New ice cream parlour brings a taste of Paradise to Barter Books in Alnwick

It may be mid-winter but Barter Books has decided the time is right to launch a new ice cream parlour.

Thursday, 9th January 2020, 4:45 pm
Updated Friday, 10th January 2020, 5:57 pm
The new ice cream parlour, far right, at Barter Books.
The new ice cream parlour, far right, at Barter Books.

Paradise @barterbooksuk has opened in a vacant part of Alnwick’s former railway station, now home to one of the largest second-hand bookstores in Europe.

“There can’t be many businesses in the UK which would open an ice cream parlour in January,” joked Mary Manley, who runs the business with her husband Stuart.

The opportunity came about when an antiques shop in a small corner of the premises closed.

Paradise @barterbooksuk

“We were asked if we wanted to rent it so we went away and had a think about what might work,” explained Mary.

“We hadn’t had any plans to expand at that point because we’re as big as we want to be.

“We didn’t want to expand the book side of the business and also have the Station Buffet already but it was an opportunity we didn’t want to miss out on so we came up with the idea of ice cream.”

Extensive taste tests were undertaken to decide which ice cream to stock.

Barter Books, Alnwick

They eventually plumped for Stocksfield-based Wheelbirks, home to the oldest pedigree Jersey herd in Northumberland.

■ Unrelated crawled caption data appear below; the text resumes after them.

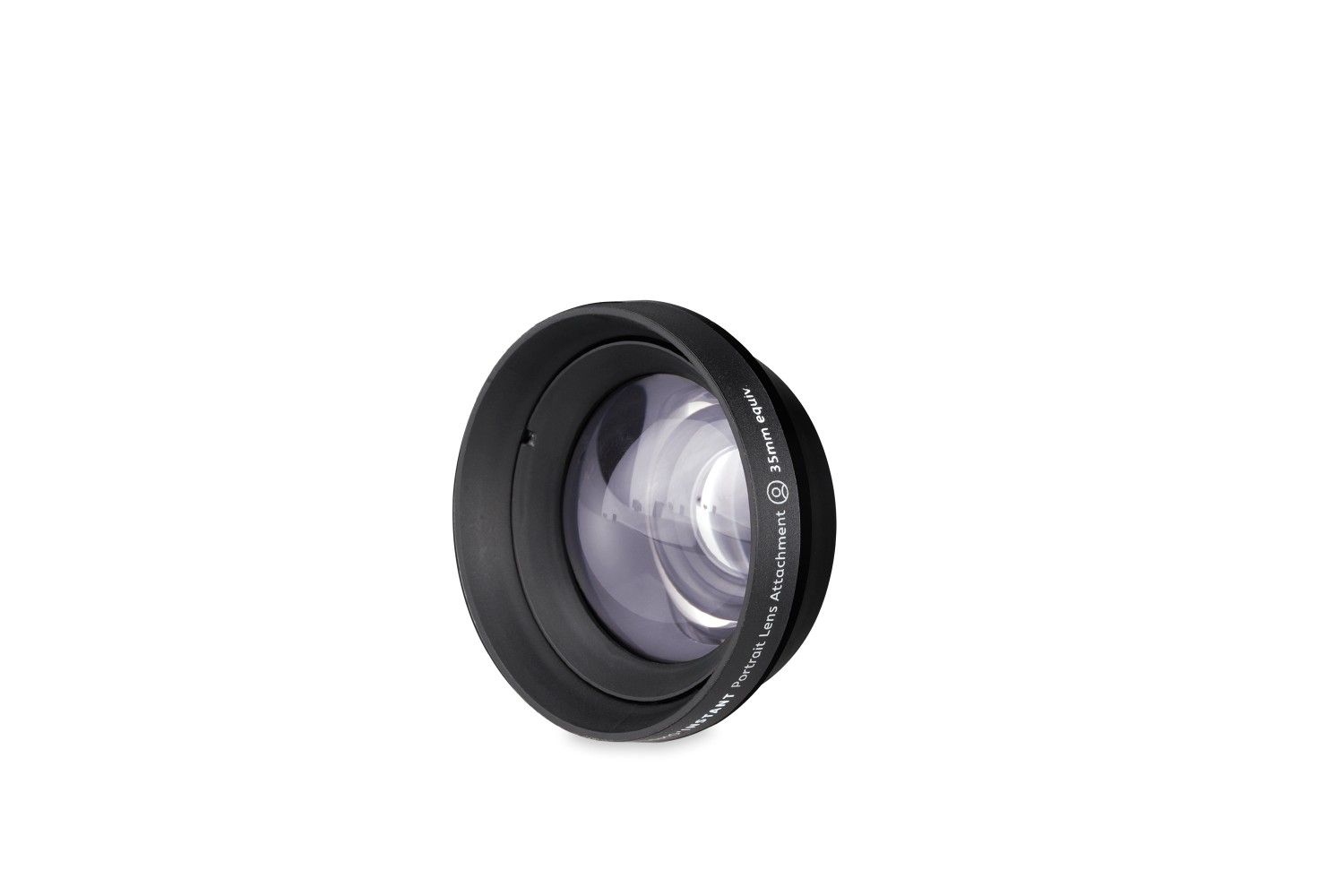lomo instant lens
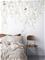 Spring birds - 9447W Tapetti – kuva 2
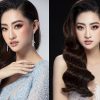 Hé lộ trang phục dạ hội đêm chung kết Miss World của Hoa hậu Lương Thùy Linh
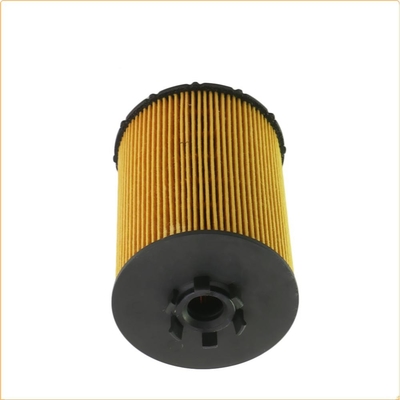 Cartridge Filters 11427542021 11427521008 11427527957 11427520269 Types Of Filtros Aceite For BMW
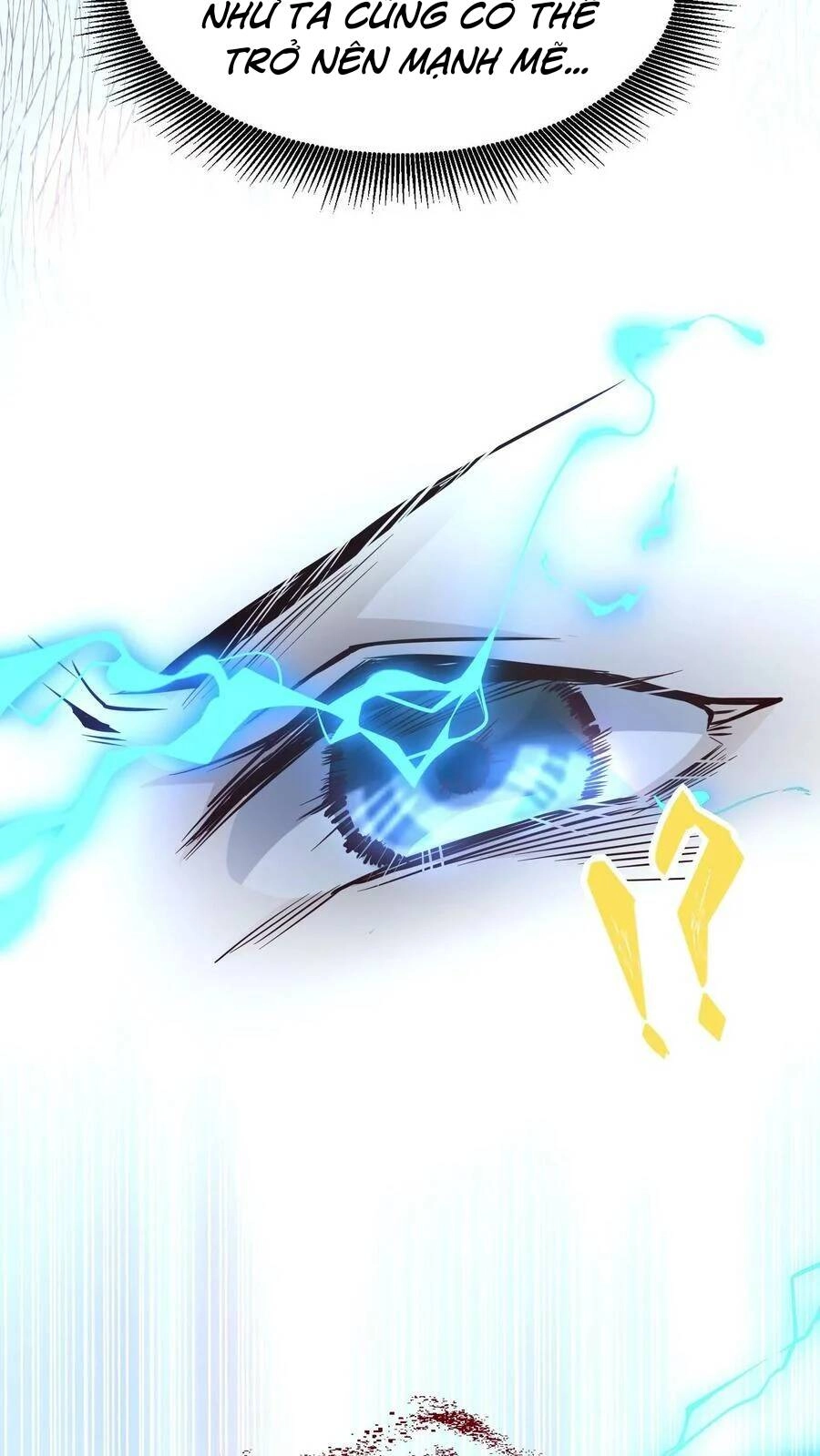 Linh Khí Khôi Phục: Ta Mỗi Ngày Thu Được Một Cái Kỹ Năng Mới Chapter 1 - 30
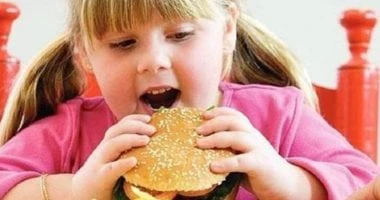 تجنب إصابة الأطفال بالكبد الدهني بهذه النصائح والإرشادات صحة وطب شاهد المقال التالي من صحافة مصر عن تجنب إصابة الأطفال بالكبد الدهني بهذه النصائح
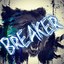 乡|brEAker&lt;3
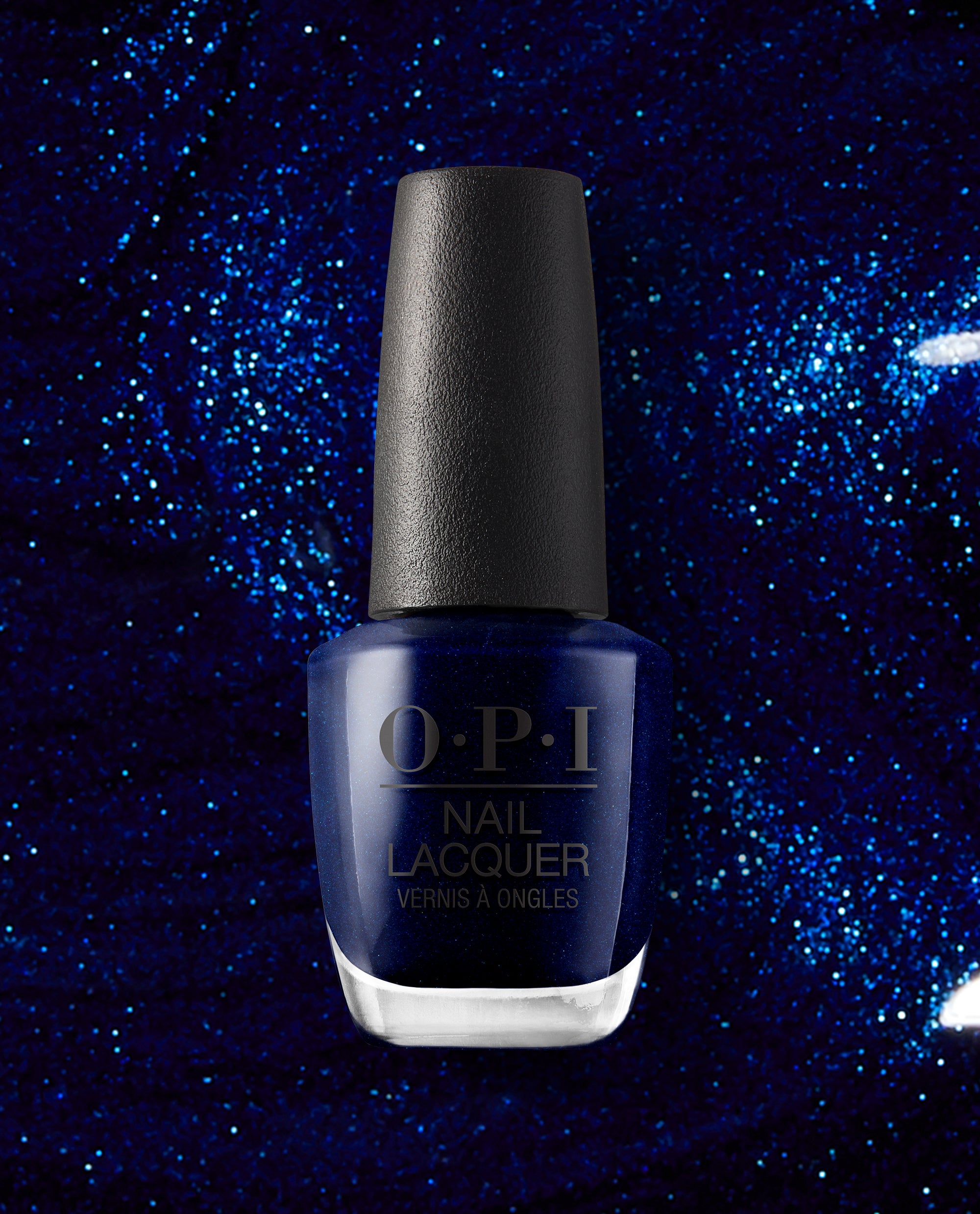 yoga-ta-get-this-blue-nli47-nail-lacquer-22001014059_3bbd8d24-d890-46ca-b731-b54a891ca54a.jpg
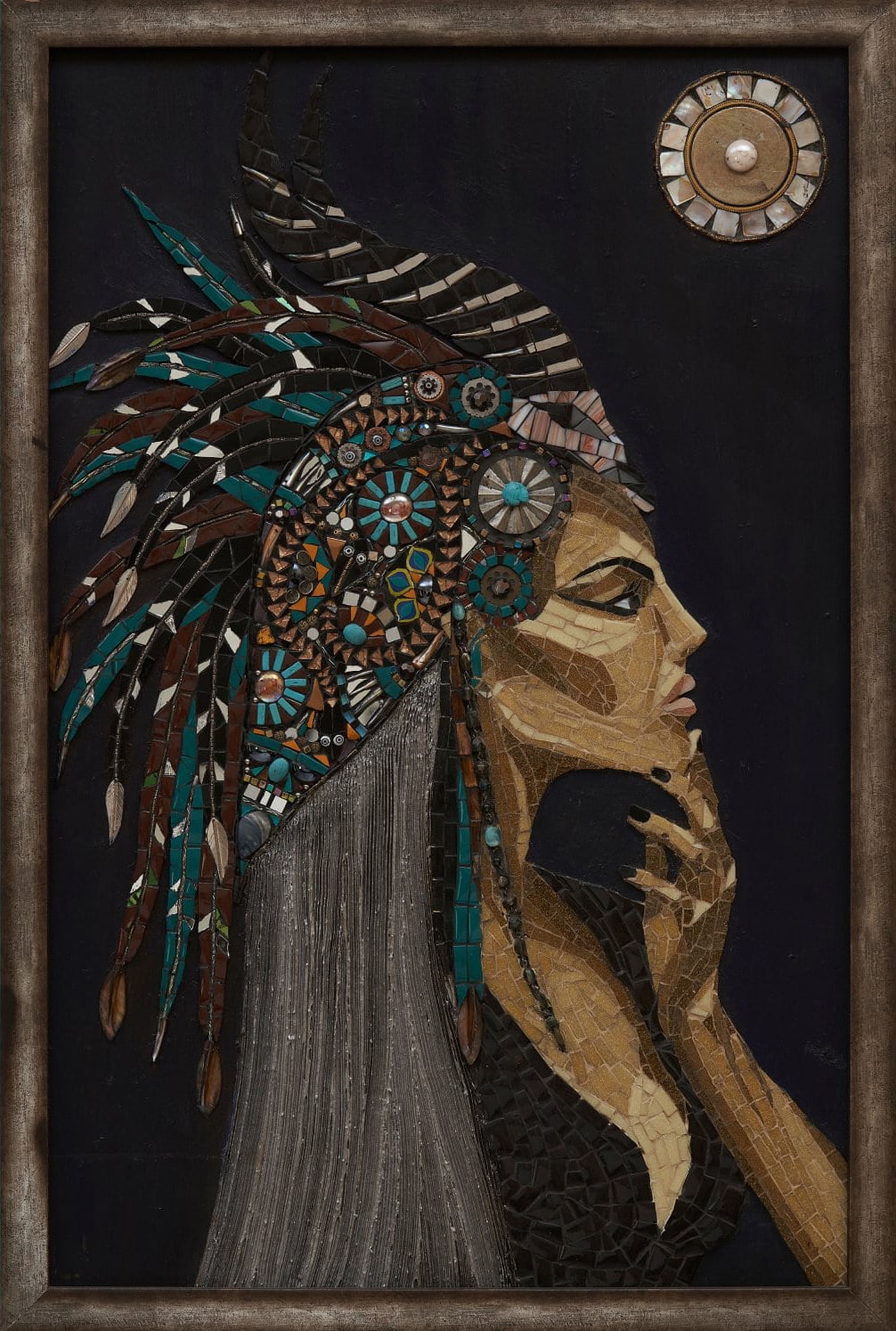 Lilith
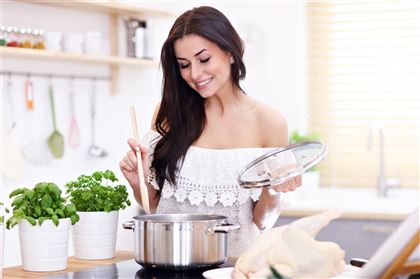 Bộ nồi-chảo rán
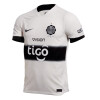 Camiseta De Olimpia Nike C00014-341 Camiseta De Olimpia Nike C00014-341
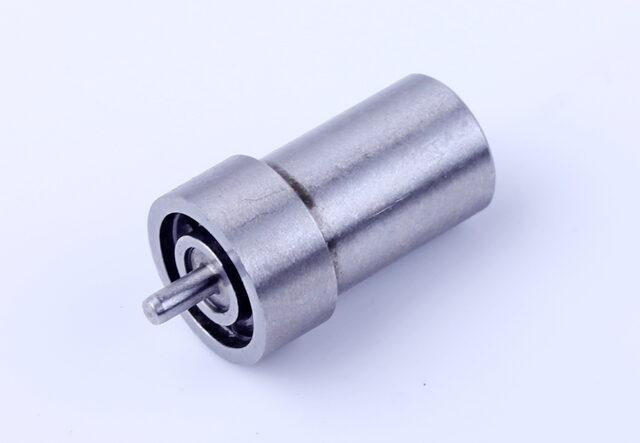 Розпилювач форсунки VM-017 мотоблок 175N Мукачево - фото 2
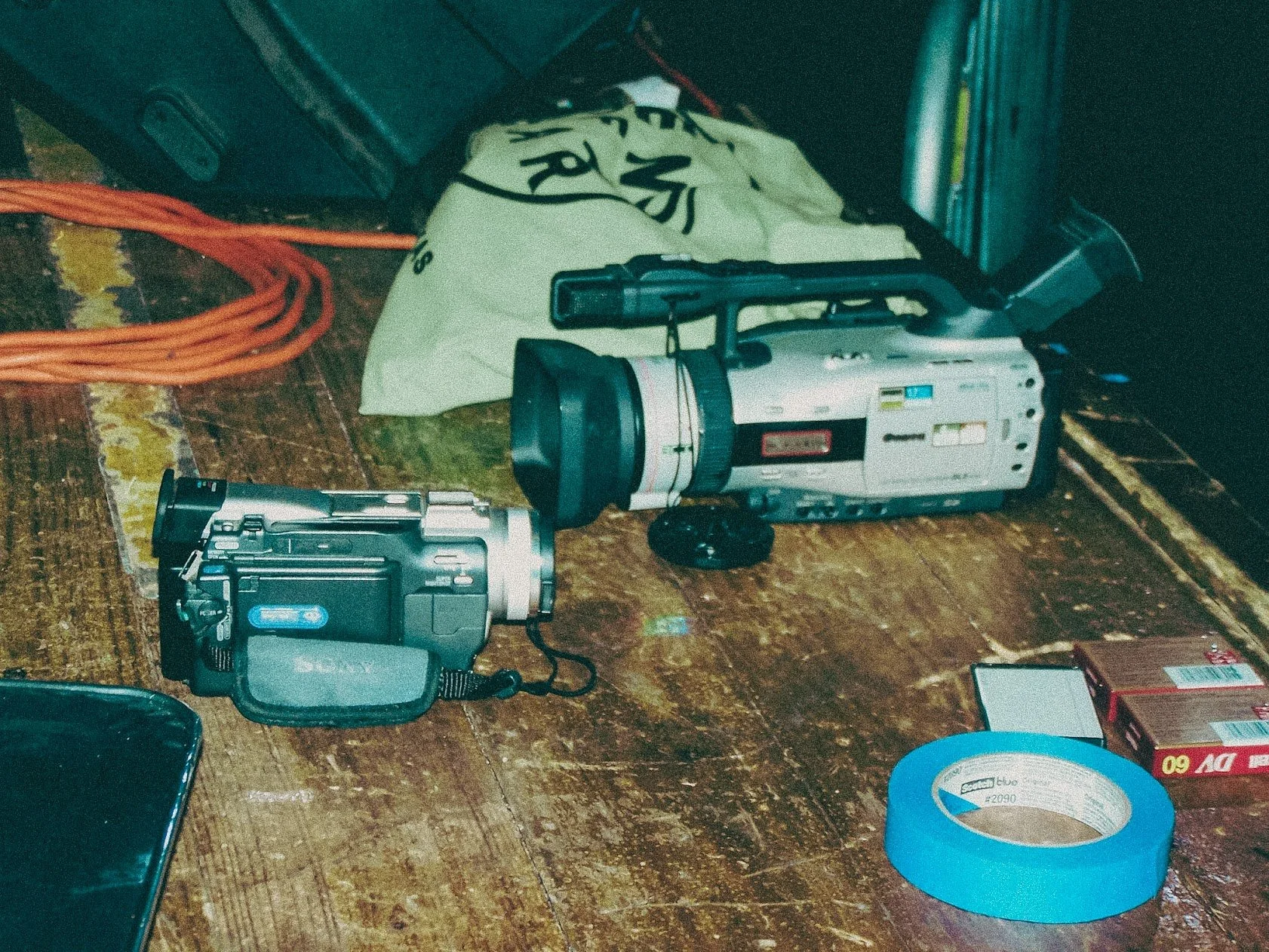 103_6534.JPG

“They are known for producing a very creamy, milky ice cream and we thought it was just really good so we went for that,” said Mary. “There were others that were also really nice but we liked that one best.”

The parlour, on the right hand side of the facade when approaching the main entrance, consists of a serving area and sitting room.

They are also selling coffee, tea, soft drinks and cakes from it.

“It’s very small but we like to think it’s good,” said Mary. “We look forward to people coming to give it a try, especially when the weather gets a bit warmer!”

Barter Books opened in 1991 and attracts some 350,000 visitors a year.

It was in use as a railway station until the closure of the Alnwick branch line in 1968.